Your response should contain exactly the lines running from the one with "Silicone Dish Mat" to the end of the data below, both included, and no pictures.

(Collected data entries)
****************************************
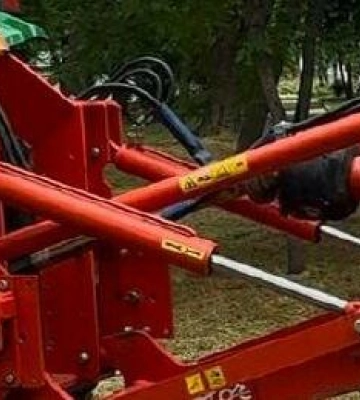 Одеса оновлює зелені зони: комунальники встановили рекорд із корчування пнів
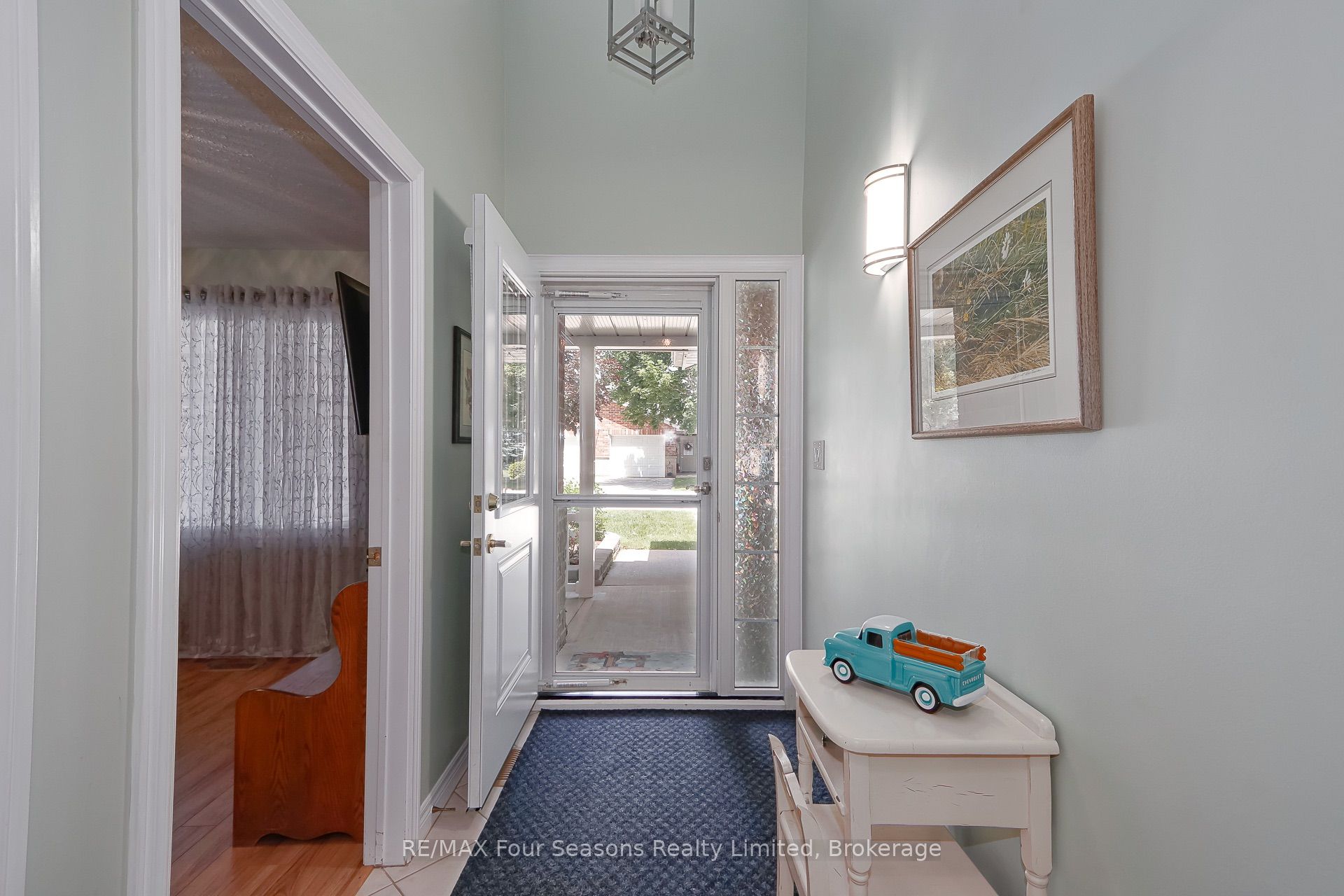 275 Huron Street 27 Property Photo 5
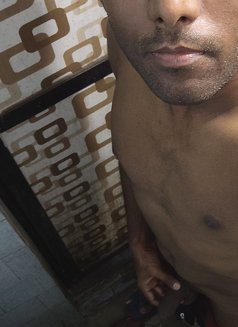 Ashutosh Sharma - Acompañantes masculino in Mumbai Photo 1 of 2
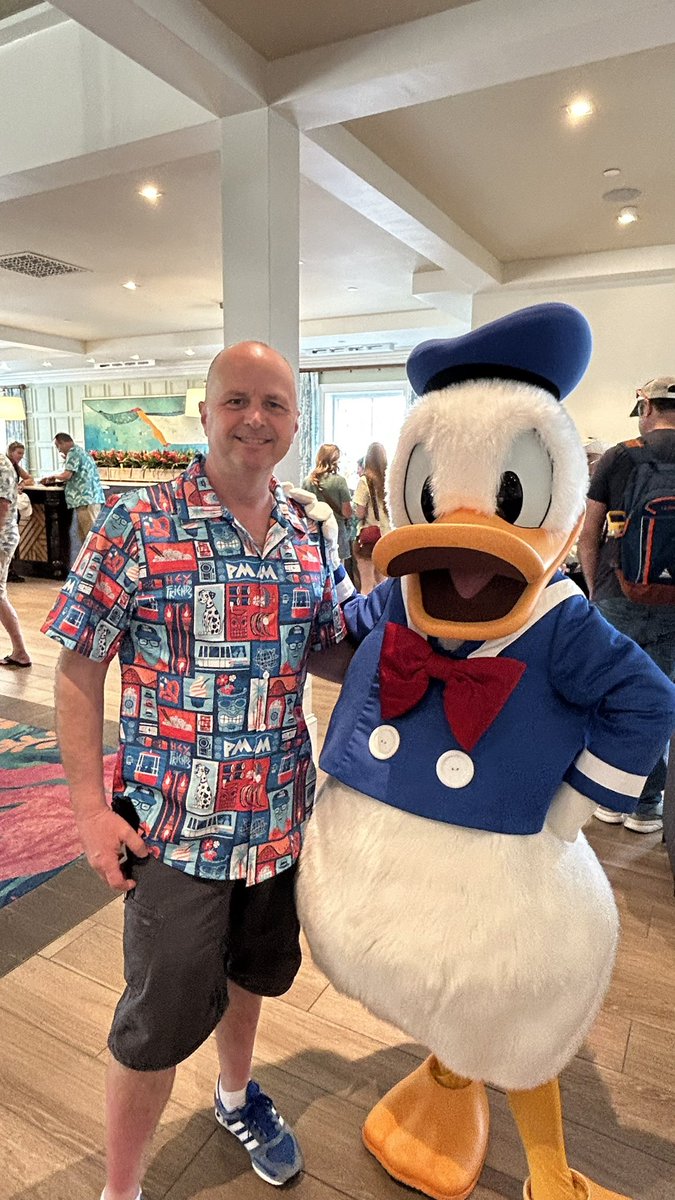 15jjc's tweet image. Having a day at EPCOT. And met some special friends in our resort #Disney #Epcot #Holiday @WaltDisneyWorld @DisneyParks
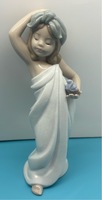 LLADRO Porcelain Figurine #6799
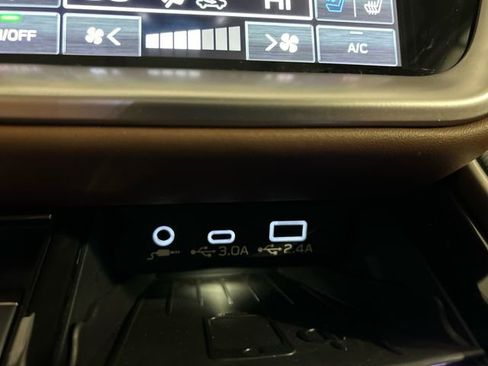 Used 2023 Subaru Legacy Touring XT AWD/4WD image 18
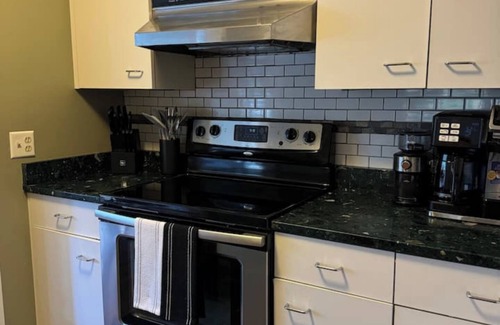 Lincoln House | Cozy 5 Bed 3 Bath Townhome across from Loon Mountain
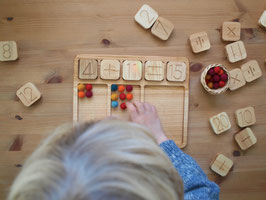 VORBESTELLUNG MONTESSORI Mathe Cube Board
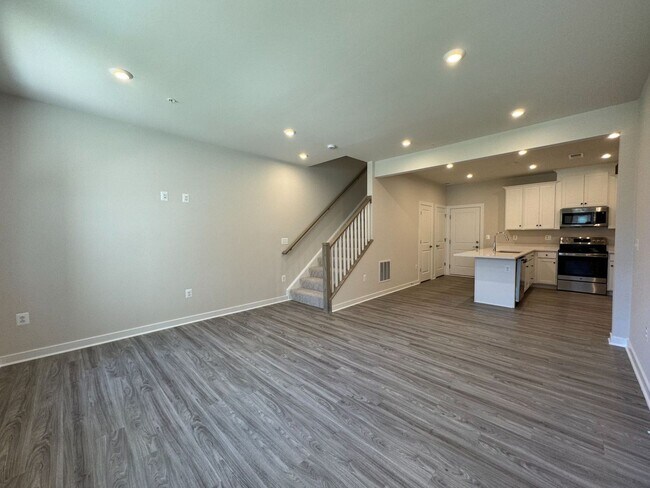 Foto del edificio - Brand New 3 Bed 2.5 Bath Townhouse Style C...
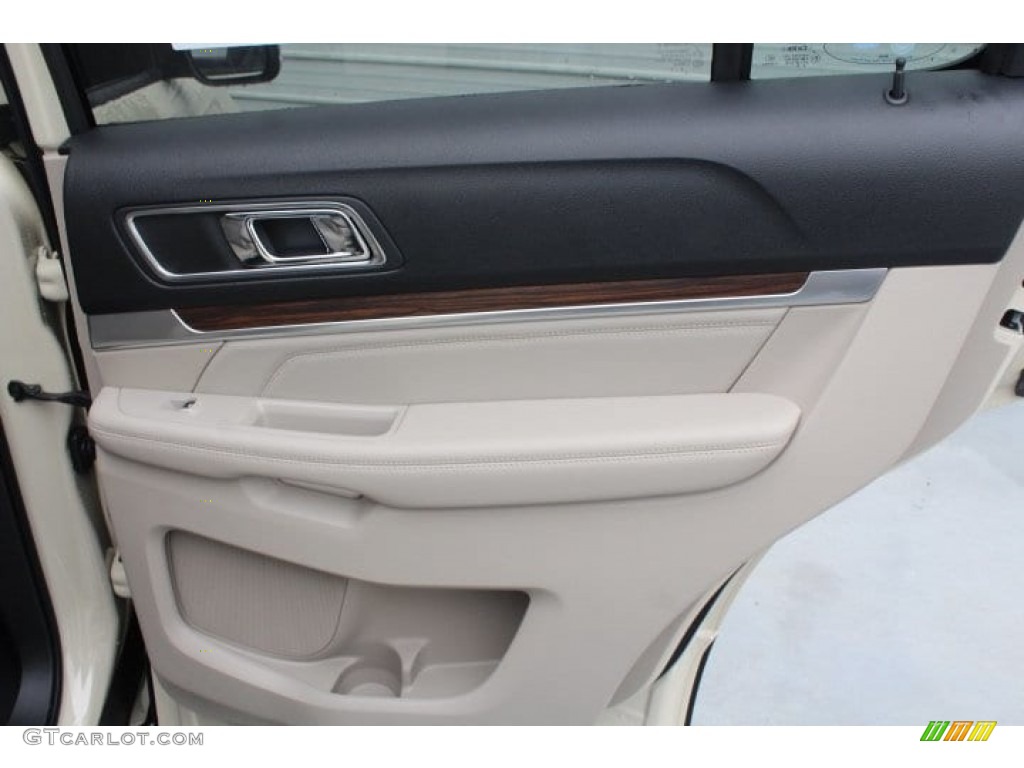 2018 Explorer Limited - Platinum Dune / Medium Stone photo #32
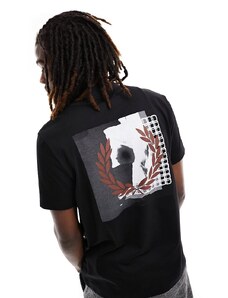 Fred Perry - T-shirt nera con stampa grafica sul retro-Nero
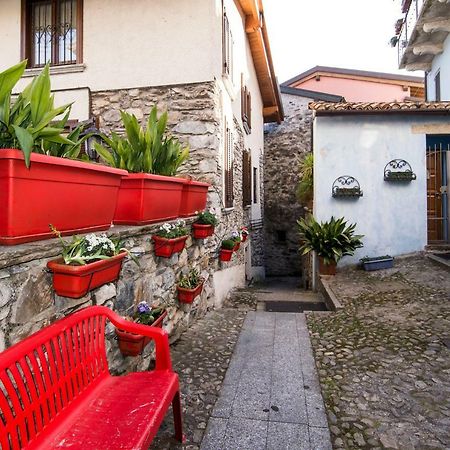 Ferienwohnung Il Sogno Di Claudia Gera Lario Exterior foto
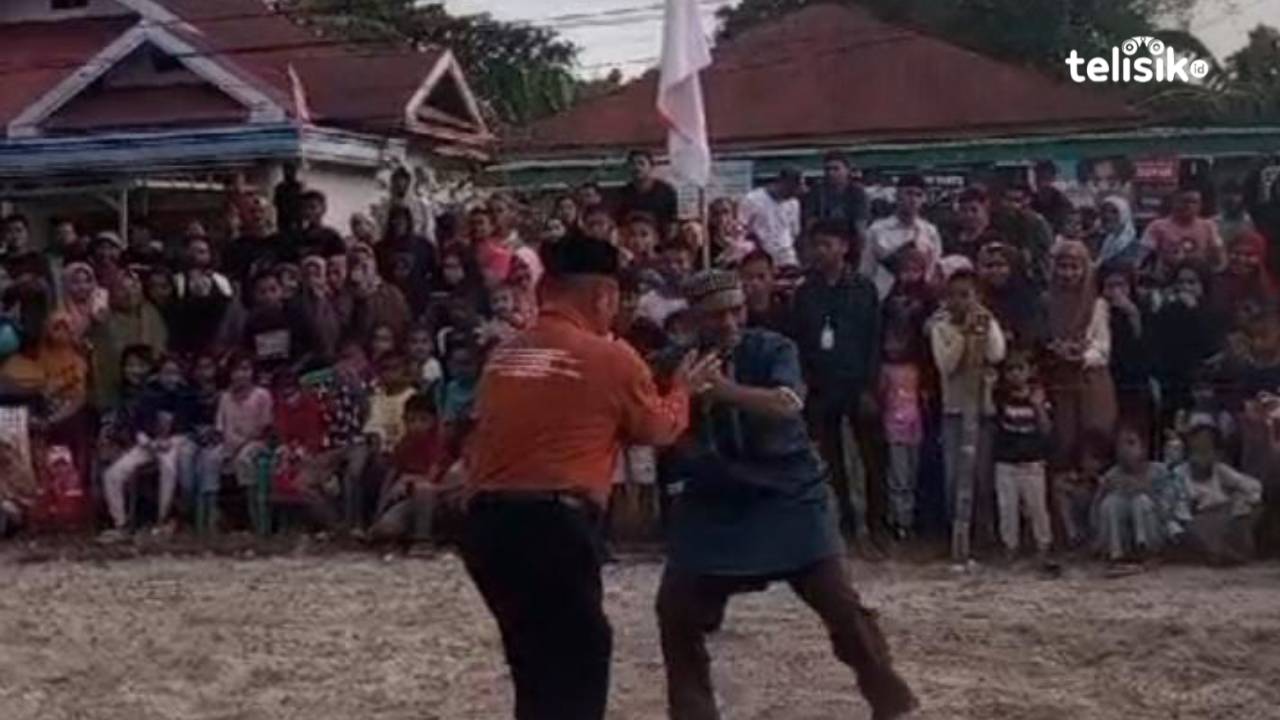 Penampilan tokoh adat dalam budaya Mansa di Buton Tengah. Foto: Nur Fauzia/Telisik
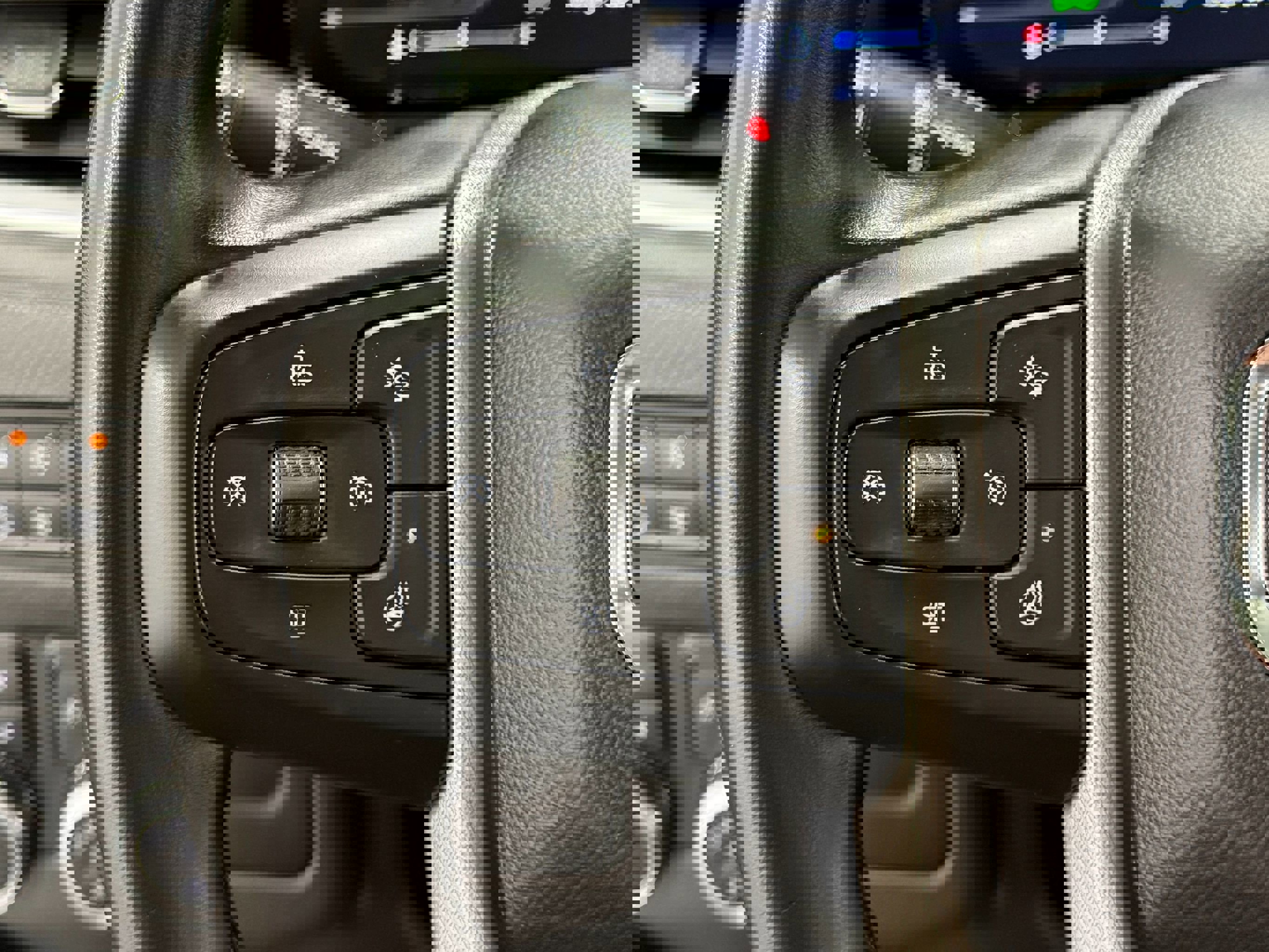 Used 2023 GMC Yukon Denali image 21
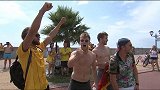 瑞典球迷营地唱战歌 两个不要命的德国人喊着万岁横穿！
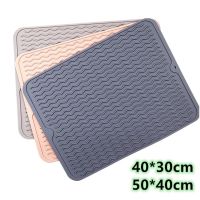 Silicone Dish Mat Drying Heat Resistance Non-Slip Placemat Tableware Non-stick Silicone Wavy Drain Tank Pad Kitchen Accessories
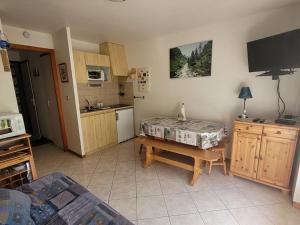 Kuchyňa alebo kuchynka v ubytovaní Studio 25m² au pied des montagnes, balcon, idéal pour 4 pers - FR-1-573-95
****************************************
COMPLETED TASK:
 Silicone Dish Mat Drying Heat Resistance Non-Slip Placemat Tableware Non-stick Silicone Wavy Drain Tank Pad Kitchen Accessories
 Kuchyňa alebo kuchynka v ubytovaní Studio 25m² au pied des montagnes, balcon, idéal pour 4 pers - FR-1-573-95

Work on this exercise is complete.